These are my notes, but you can follow along.
Since we sysadmins climbed from the primordial ooze of mainframes, we’ve been advocating for a one-to-one mapping of services to hosts. That makes things like security and updates easier. The problem is that computers are fantastically fast. When they’re only doing one thing, that generally means that they spend most of their time sitting around doing nothing. To take advantage of that time doing nothing, modern computers run hundreds of programs at once. A kernel manages access to resources like memory and networking and shares them with all the running programs, mostly equally.
Virtualization versus Containerization
When two programs running on the same computer see the same kernel, but can’t see each other, that’s containerization.
When two programs running on the same computer see different kernels, and thus can’t see each other, that’s virtualization.
Virtualization gives you fully separate computers which is great for isolation and security, adds a negligible performance penalty, but also multiplies the number of virtual computers to manage with security patches and configuration changes.
Containerization relies on the underlying kernel to keep some things separate, but allows some shared access. There’s only one real computer to manage.
A little history
The path of virtualization has led us to AWS and fully scalable cloud computing. Our tools for managing many computers came in very handy for that.

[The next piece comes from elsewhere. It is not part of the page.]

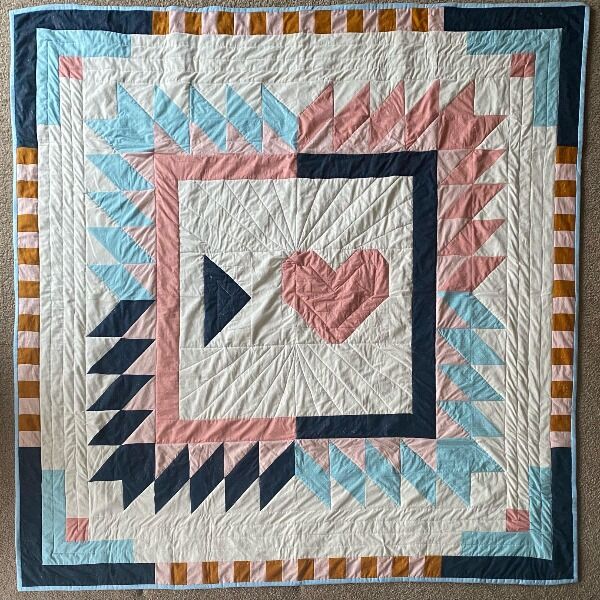 A gorgeous, handmade quilt by nerdfighter Kailey deWeever just for the P4A! It measures 72” x 72” inches and was adapted from a pattern called “Floyd” by Toad and Sew.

The path of containerization is new and exciting. We’re still learning how to build good tools and good containers.
An important step in that process is to stop thinking about containers the same way that we think about virtual hosts. A container doesn’t need a logging infrastructure or init or shells. Those can all be shared from another container on the same host. So, what does a container need? Just your code. How do we shrink a deployment so that it has nothing but the code we want to run?
You can build small images
Start from small base images
build your own with buildroot
Buildroot is an awesome cross-compilation toolchain designed for embedded systems. But, it can be great for containers as well. It eschews package management by cross compiling everything and then squashing it into one tarball. @jpetazzo has even written a guide for building a functional postgres image that weighs in at 16 Megabytes.
Make a small image with debootstrap
In the contrib directory of the main docker github repository is a script called mkimage which does what it says on the tin.
Build big and then sqaush it
If all you want to do is isolate an executable, systemd-nspawn is awesome.